_RECORDS TO USE_.

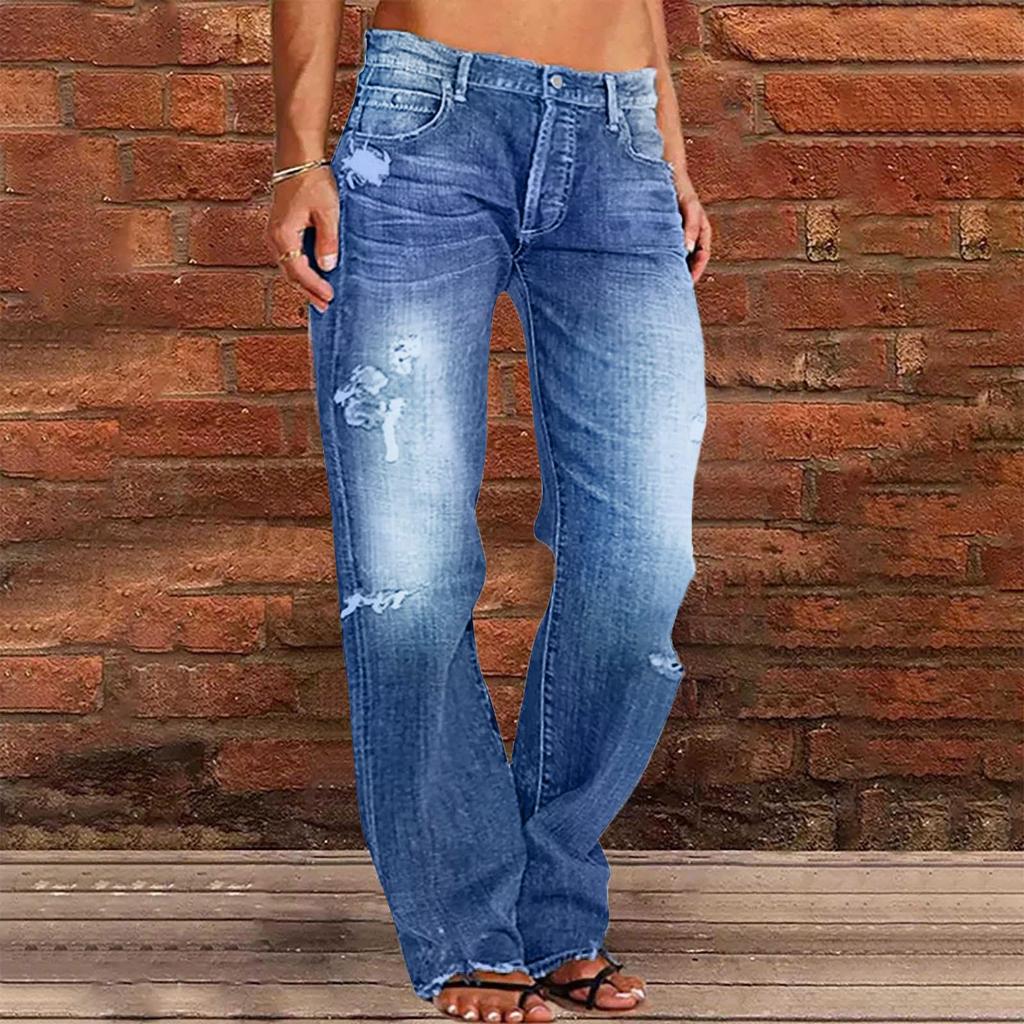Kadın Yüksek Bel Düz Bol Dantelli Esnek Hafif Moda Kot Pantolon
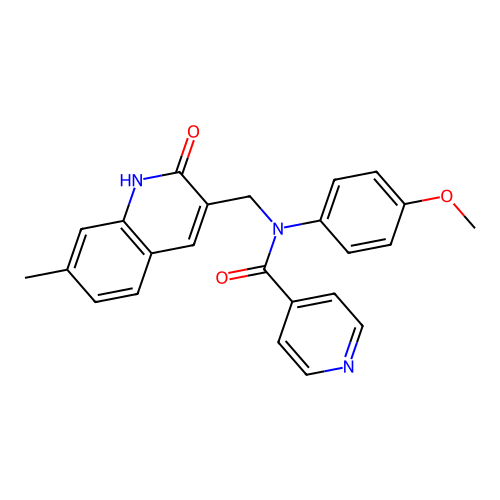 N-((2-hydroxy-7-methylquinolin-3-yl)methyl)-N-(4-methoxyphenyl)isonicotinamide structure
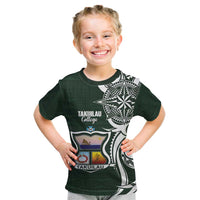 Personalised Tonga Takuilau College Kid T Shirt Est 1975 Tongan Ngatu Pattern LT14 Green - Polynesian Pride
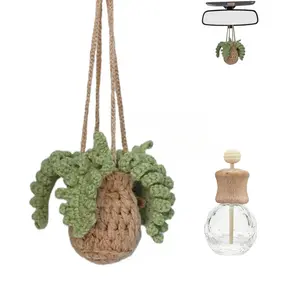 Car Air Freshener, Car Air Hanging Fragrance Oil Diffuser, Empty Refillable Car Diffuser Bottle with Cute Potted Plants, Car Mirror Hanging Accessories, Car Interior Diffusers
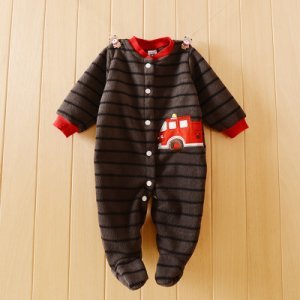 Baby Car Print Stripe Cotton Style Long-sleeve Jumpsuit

==

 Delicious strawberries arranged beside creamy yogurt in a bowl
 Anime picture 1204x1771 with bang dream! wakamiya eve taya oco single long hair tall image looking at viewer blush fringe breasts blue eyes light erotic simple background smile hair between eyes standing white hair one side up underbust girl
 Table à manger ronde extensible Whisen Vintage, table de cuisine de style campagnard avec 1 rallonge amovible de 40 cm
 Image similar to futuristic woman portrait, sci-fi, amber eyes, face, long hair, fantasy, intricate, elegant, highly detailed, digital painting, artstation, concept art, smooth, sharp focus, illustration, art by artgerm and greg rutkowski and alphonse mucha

_WORK REQUEST_. Starting with the line that has "Kadın Yüksek Bel" and going on through the line that has "Personalised Tonga Takuilau", transcribe the records above exactly, but skip the pictures.

_TASK OUTPUT_.
Kadın Yüksek Bel Düz Bol Dantelli Esnek Hafif Moda Kot Pantolon
 N-((2-hydroxy-7-methylquinolin-3-yl)methyl)-N-(4-methoxyphenyl)isonicotinamide structure
 Personalised Tonga Takuilau College Kid T Shirt Est 1975 Tongan Ngatu Pattern LT14 Green - Polynesian Pride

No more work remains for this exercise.